A medida que profundizaba en su historia, Brédice compartió momentos difíciles de su vida laboral que la llevaron a sentirse insatisfecha con su físico. Narró que muchas veces se vio obligada a solicitar cambios en su vestuario y evitar ciertos planos de cámara por inseguridades sobre su imagen. “Tomaba anfetaminas como si fueran caramelos”, confesó, argumentando que su búsqueda por encajar la llevó a extremos alarmantes como pasar semanas sin comer. A pesar de la gravedad de este comportamiento, Brédice evidenció una creciente consciencia sobre cómo estos problemas impactaban su salud: “La verdad es que la salud mental te la modifica y emocional también”, comentó, enfatizando la necesidad de abordar estos temas por el bienestar general.

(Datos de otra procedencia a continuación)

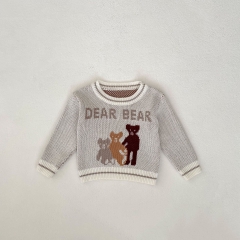 Ins 2024 New Autumn Baby Kids Unisex Pure Cotton Cute Teddy Bear Pattern Long Sleeves Pullover Knitwear Wholesale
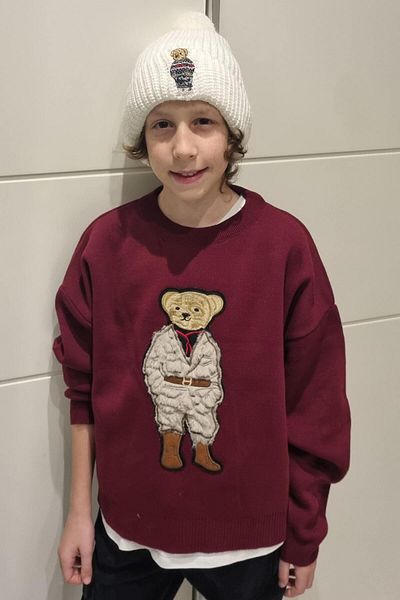ZISHAN Children's Beanie with Teddy Bear 888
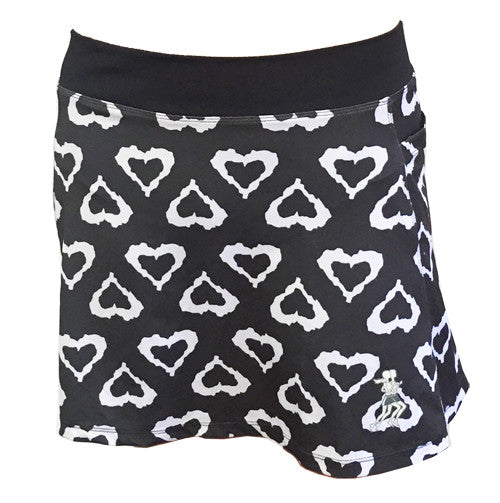 black hearts running skirt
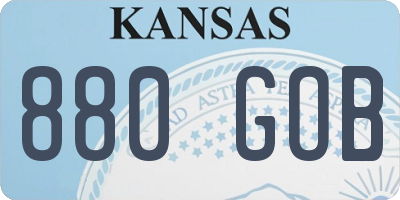 KS license plate 880GOB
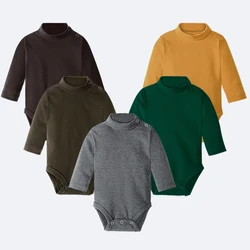 Hooyi Del Bambino Dei Vestiti Del Ragazzo 100% Cotone Solido Puro Neonato Body E Tutine Dolcevita Precoce Abbigliamento Camicette Magliette E Camicette 0 1 2 3 Anni PJS Morbido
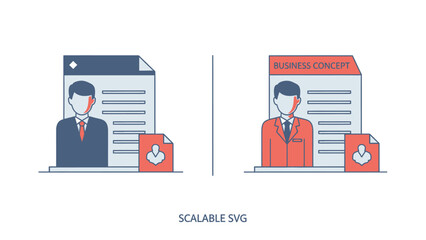 Business concept illustration documents with person icons in vector style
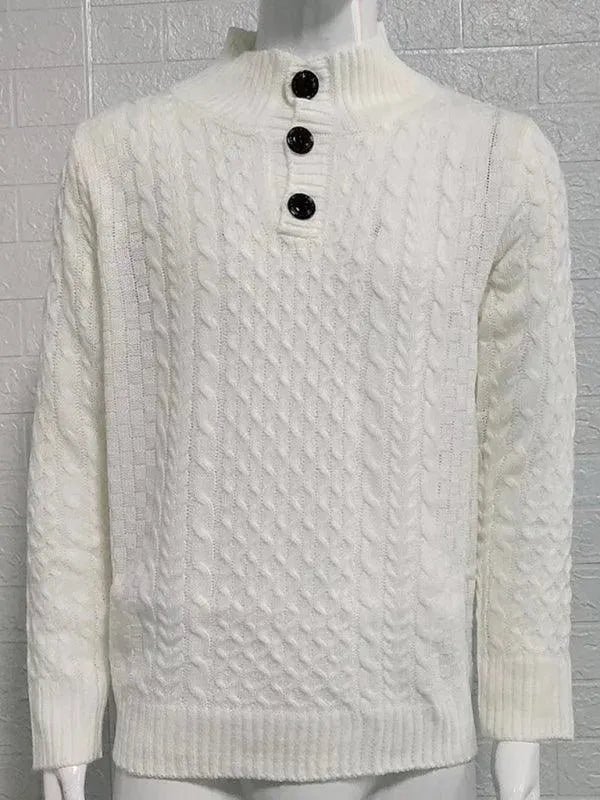 Men’s Turtleneck Pullover Sweater – Cable Knit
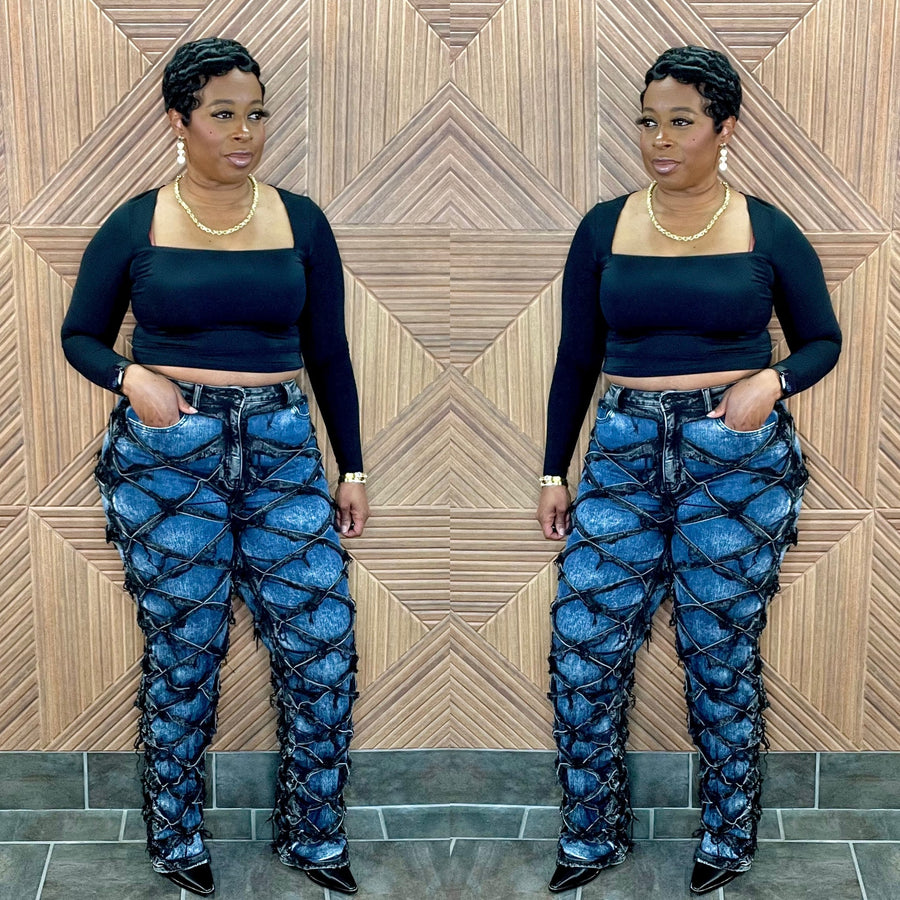 Avant-Garde Luxe Jeans (S-XL) Black/Blue combo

El camino hacia la recuperación para Brédice no fue sencillo. Describió su proceso de liberación de las anfetaminas como complejo y lleno de desafíos emocionales. Tomar la decisión de parar y buscar ayuda profesional implicó un viaje de autoconocimiento y aceptación. En el programa, reflexionó sobre cómo su relación con su propia imagen había evolucionado, destacando la importancia de aprender a valorarse. “Me pasó lo más difícil de todo, que es empezar a quererme por lo que soy”, expresó, convirtiéndose en una voz valiosa para aquellas personas que aún batallean con sus propias inseguridades. Su experiencia cotidiana de lidiar con estándares de belleza irrealistas la ha llevado a visibilizar la necesidad de un cambio en la narrativa sobre la apariencia física en la industria del entretenimiento.